Na noite da extradição de Klaus Croissant (1), a televisão transmitia um jogo de futebol em que a França disputava a sua classificação para o Campeonato Mundial. Algumas centenas de pessoas manifestam-se diante da Santé, alguns advogados correm na noite, vinte milhões de pessoas passam a noite diante da televisão.
Quando a França ganhou, explosão de alegria popular. Horror e indignação dos espíritos esclarecidos diante dessa escandalosa indiferença. Le Monde: “21 horas. Nesta hora o advogado alemão já foi retirado da prisão da Santé. Daqui a pouco Rocheteau vai marcar o primeiro golo”.
Melodrama da indignação. Nem uma única interrogação sobre o mistério dessa indiferença. Uma única razão sempre invocada: a manipulação das massas pelo poder, a sua mistificação pelo futebol. De qualquer maneira, essa indiferença não deveria existir, ela não tem nada a dizer-nos. Em outros termos, a “maioria silenciosa” é desapossada até da sua indiferença, não tem nem mesmo o direito de que esta lhe seja reconhecida e imputada, é necessário que também esta apatia lhe seja insuflada pelo poder.
Que desprezo por trás dessa interpretação! Mistificadas, as massas não saberiam ter comportamento próprio. De tempos a tempos é-lhes concedida uma espontaneidade revolucionária através da qual vislumbram a “racionalidade do seu próprio desejo”, isso sim, mas Deus nos proteja do seu silêncio e da sua inércia.
Ora, é exactamente essa indiferença que exigiria ser analisada na sua brutalidade positiva, em vez de ser creditada a uma magia branca, a uma alienação mágica que sempre desviaria as multidões da sua vocação revolucionária.
Mas, por outro lado, como consegue desviá-las? Com relação a este facto estranho, pode-se perguntar: por que razão – após inúmeras revoluções e um século ou dois de aprendizagem política, apesar dos jornais, dos sindicatos, dos partidos, dos intelectuais e de todas as energias postas a educar e a mobilizar o povo – ainda se encontram (e se encontrarão igualmente daqui a dez ou vinte anos) mil pessoas para mobilizar e vinte milhões para ficar “passivas”? — e não somente passivas, mas por francamente preferirem, com toda a boa fé e satisfação, e sem mesmo se perguntar porquê, um jogo de futebol a um drama político e humano?
É curioso que essa constatação jamais tenha subvertido a análise, reforçando-a, ao contrário, na sua fantasia de um poder todo-poderoso na manipulação, e de uma massa prostrada num coma ininteligível. Pois nada de tudo isso é verdadeiro, e ambos são um equívoco: o poder não manipula nada e as massas não são nem enganadas nem mistificadas.
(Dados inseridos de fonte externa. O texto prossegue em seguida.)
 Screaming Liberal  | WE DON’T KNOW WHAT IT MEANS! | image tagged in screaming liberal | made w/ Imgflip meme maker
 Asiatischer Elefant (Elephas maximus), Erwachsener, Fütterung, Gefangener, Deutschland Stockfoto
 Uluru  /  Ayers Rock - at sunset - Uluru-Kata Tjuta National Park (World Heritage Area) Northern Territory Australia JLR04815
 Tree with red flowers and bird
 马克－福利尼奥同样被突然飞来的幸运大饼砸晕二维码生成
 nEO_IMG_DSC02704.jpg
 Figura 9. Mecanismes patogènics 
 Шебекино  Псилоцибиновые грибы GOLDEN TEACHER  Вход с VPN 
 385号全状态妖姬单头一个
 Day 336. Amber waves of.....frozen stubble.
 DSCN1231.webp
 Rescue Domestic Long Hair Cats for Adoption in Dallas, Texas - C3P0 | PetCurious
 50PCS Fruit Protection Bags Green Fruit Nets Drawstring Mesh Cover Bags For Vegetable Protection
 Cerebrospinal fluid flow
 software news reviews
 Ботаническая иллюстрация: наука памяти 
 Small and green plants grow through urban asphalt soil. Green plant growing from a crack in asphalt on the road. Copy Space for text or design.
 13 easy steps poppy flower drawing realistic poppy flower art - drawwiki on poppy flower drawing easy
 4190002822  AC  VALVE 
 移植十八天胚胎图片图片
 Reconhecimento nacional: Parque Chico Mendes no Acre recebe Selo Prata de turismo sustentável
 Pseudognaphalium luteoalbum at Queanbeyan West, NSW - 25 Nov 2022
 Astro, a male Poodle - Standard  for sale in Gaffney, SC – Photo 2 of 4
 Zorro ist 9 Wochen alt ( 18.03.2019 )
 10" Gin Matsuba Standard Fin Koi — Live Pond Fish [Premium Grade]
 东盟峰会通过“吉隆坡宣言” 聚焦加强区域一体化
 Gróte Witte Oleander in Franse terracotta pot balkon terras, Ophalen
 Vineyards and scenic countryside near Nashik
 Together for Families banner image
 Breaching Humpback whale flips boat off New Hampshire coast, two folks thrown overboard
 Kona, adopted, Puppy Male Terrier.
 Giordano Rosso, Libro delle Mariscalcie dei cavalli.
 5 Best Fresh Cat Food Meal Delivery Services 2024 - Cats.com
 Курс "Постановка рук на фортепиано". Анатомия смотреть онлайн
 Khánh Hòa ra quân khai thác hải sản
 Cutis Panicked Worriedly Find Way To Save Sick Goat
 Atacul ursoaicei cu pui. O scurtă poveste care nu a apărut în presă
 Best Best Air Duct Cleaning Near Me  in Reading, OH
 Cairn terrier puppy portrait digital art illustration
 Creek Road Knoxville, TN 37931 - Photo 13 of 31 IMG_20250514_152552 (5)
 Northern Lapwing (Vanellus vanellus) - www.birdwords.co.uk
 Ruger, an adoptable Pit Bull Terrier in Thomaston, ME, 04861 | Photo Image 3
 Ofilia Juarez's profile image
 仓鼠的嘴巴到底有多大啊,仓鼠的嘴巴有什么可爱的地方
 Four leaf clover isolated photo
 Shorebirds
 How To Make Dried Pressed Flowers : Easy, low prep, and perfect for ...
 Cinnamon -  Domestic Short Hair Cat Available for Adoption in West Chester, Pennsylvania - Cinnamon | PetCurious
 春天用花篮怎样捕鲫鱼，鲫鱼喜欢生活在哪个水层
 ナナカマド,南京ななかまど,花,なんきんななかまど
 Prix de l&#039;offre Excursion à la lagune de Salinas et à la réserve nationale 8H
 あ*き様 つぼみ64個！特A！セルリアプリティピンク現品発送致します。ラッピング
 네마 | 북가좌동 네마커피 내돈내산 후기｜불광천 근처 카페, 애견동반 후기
O poder está muito satisfeito por colocar sobre o futebol uma responsabilidade fácil, ou seja, a de assumir a responsabilidade diabólica pelo embrutecimento das massas. Isso conforta-o na sua ilusão de ser o poder, e desvia do facto bem mais perigoso de que essa indiferença das massas é a sua verdadeira, a sua única prática, porque não há outro ideal para inventar, não há nada a deplorar, mas tudo a analisar a respeito disso como facto bruto de distorção colectiva e de recusa de participar nos ideais todavia luminosos que lhes são propostos.
BAUDRILLARD, Jean. À sombra das maiorias silenciosas. São Paulo: Brasiliense, 1985, p.16-18, (adaptado para português de Portugal)
Nota do Editor
1 – Klaus Croissant (1931-2002) era um advogado da Facção do Exército Vermelho que o promotor Rebmann mostrou “ter organizado no seu gabinete a reserva operacional do terrorismo alemão ocidental”. Contra a sua prisão foi organizada uma campanha na qual Jean-Paul Sartre, Michel Foucault, Gilles Deleuze e Felix Guacari, entre outros, tomaram parte. Foi preso em Paris a 30 de Setembro e, apesar de protestos e manifestações na Alemanha, França e Itália, a jurisdição de apelo criminal de Paris decidiu a favor da sua extradição para a República Federal da Alemanha a 16 de Novembro de 1977, a noite do jogo de futebol a que Baudrillard se refere.